Kentucky Natural Lands Trust was established in 1995 when a state
inventory identified Blanton Forest as one of the most important natural
areas in Kentucky and funds were urgently needed to protect it. Some
of Kentucky’s top conservationists joined forces to form KNLT
and launch the campaign to raise funds for preservation of Blanton
Forest. KNLT soon expanded the project to the larger ecosystem surrounding
Blanton in order to include many natural areas across the entire mountain
which form a continuous forest block and important migratory corridor
for wildlife and plants. This project became the Pine Mountain Wildlife
Corridor Project. Today, KNLT has forest corridor projects in other
parts of the state and assists with the start-up of new land trusts
to further promote conservation in Kentucky.

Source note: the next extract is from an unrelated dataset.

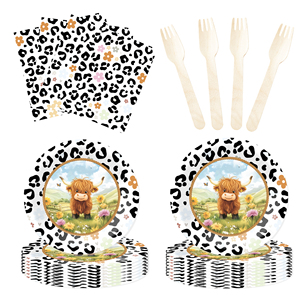 Juego de Decoración para Fiesta de Cumpleaños DAMAI, Venta al por Mayor, Platos de Papel con Diseño de Vaca con Manchas Negras, Mantel, Juego de Vajilla Desechable para Fiesta - Product Image 3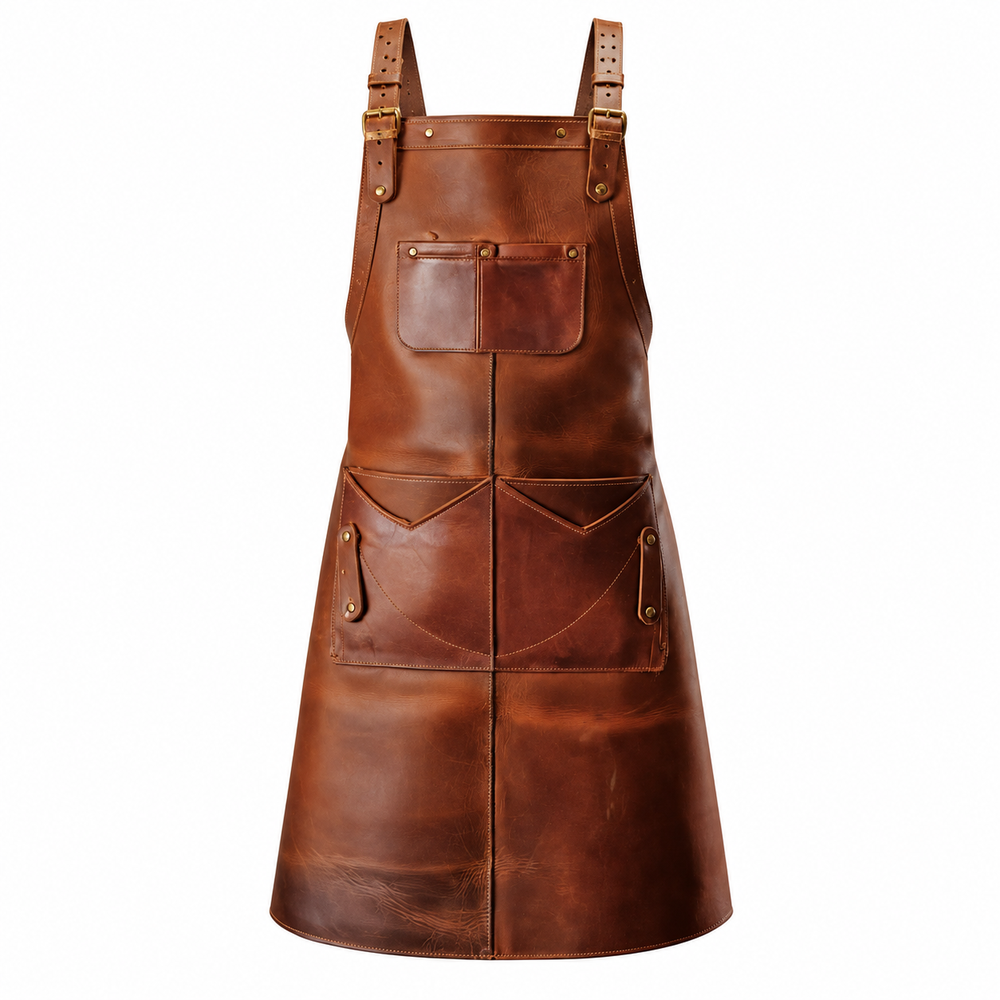Mens Deep Brown Artisan Armor Blacksmith Crazy Horse Leather Apron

• KNLT’s Blanton Forest campaign achieved the preservation of
more than 3,000 acres of old growth forest and buffer lands.
• KNLT completed major acquisitions in Harlan County to the east and
west of Blanton Forest. This included the 741 acre Arrington Property
and the 786 acre Parsons Tract. The Parsons tract was resold to the
state for the Pine Mountain State Park and Nature Preserve.
• KNLT assisted the state in purchasing the 1,027 acre Howard Property
as an addition to the Pine Mountain Trail State Park.
• KNLT purchased 386 acres in Harlan County to connect two disjunct
tracts within the Blanton Forest Nature Preserve Design.
• KNLT received its first donated conservation easement of the 83
acre Good Spring Farm in McCreary County, Kentucky.
• KNLT joined forces with Fort Knox and the Lincoln Trail ADD to purchase
conservation easements in the forest corridor around Fort Knox.
• KNLT acquired two conservation easements in Bullitt County, Kentucky, totaling nearly 308 acres to help protect the forest block from Bernheim Forest to Ft. Knox.
• KNLT’s “South America” project is featured on KET’s Kentucky Life.
• KNLT paid tribute to major donors to the Blanton Forest campaign with a permanent plaque at Blanton Forest. Those honored were David Burns, Tom Dupree, Sr., Augusta Wallace Lyons, Herb Emrich, and Sara Shallenberger Brown.
• KNLT purchased nearly 2,000 acres in the area known as “South America” on Pine Mountain in Eastern Kentucky.
• KNLT’s Indiana Bat Conservation Fund purchased several hundred acres of Indiana bat habitat in Kentucky and provided funding for research and restoration projects.
• KNLT received a gift of 140 acres protecting an important water source in Bell County.
• KNLT’s Executive Director, Hugh Archer, attended the White House Conference on Conservation and the Outdoors, as a representative for Kentucky.
• KNLT closed on 155 acres on Crooked Creek in Bullitt County. The property is part of the Ft. Knox to Bernheim Wildlife Corridor and large forest block.